* [WHAT IS EXPECTED] Copy verbatim the span of lines beginning at the line that contains "Joma Hobby Polo Top - Black - 5XS Joma" and ending with the final line of the data. Exclude pictures from the copy.

* [RECORDED DATA]
******
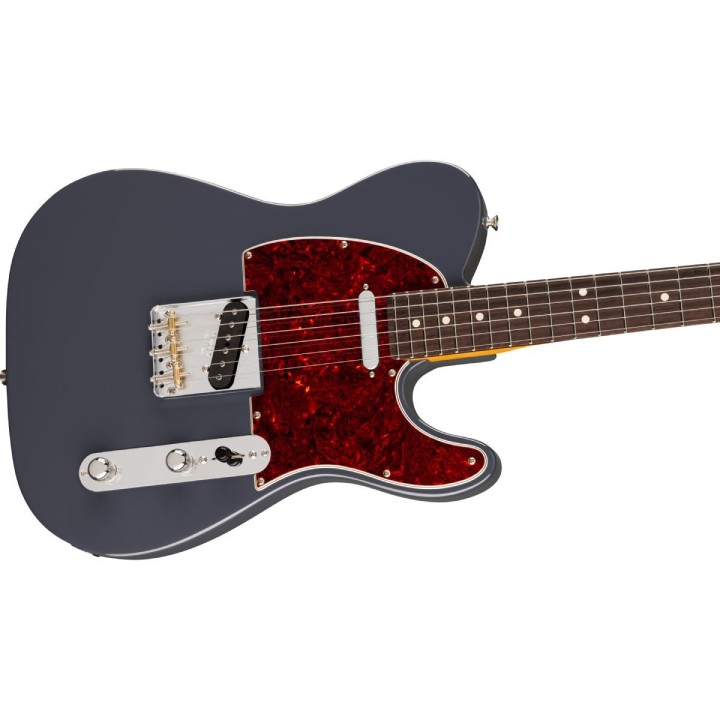 Fender American Professional Classic Telecaster, Rosewood Fingerboard, Faded Black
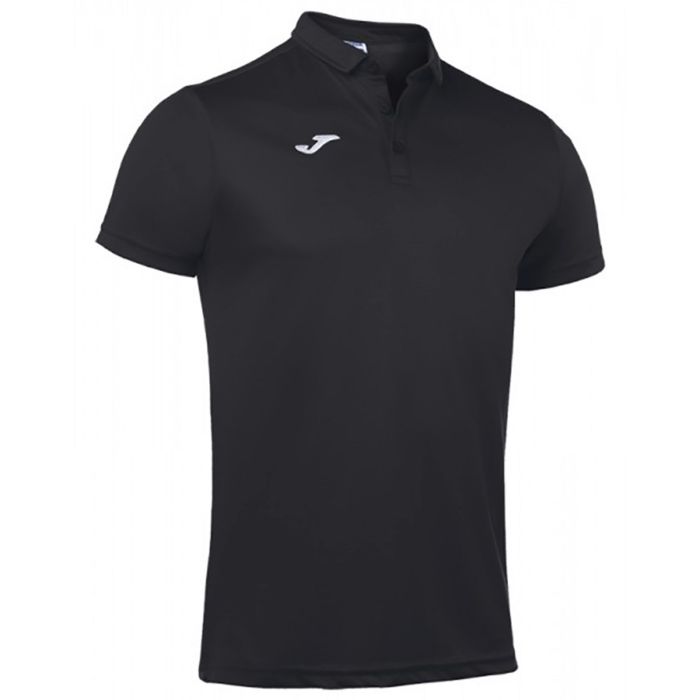 Joma Hobby Polo Top - Black - 5XS Joma Hobby Polo Top - Black - 5XS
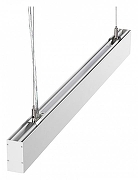 Подвесной светильник Novotech 1ter 358879 цвет плафона/подвески Белый, цвет арматуры Белый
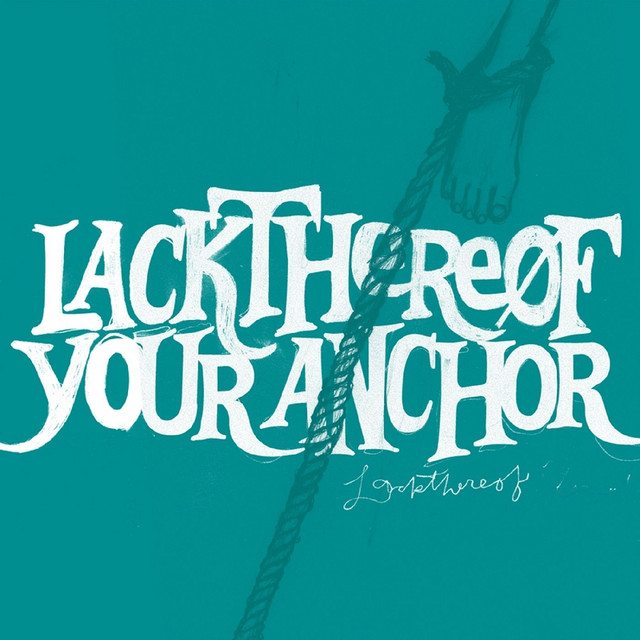 Your Anchor cover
******
* [THE ANSWER]
 Joma Hobby Polo Top - Black - 5XS Joma Hobby Polo Top - Black - 5XS
 Подвесной светильник Novotech 1ter 358879 цвет плафона/подвески Белый, цвет арматуры Белый
 Your Anchor cover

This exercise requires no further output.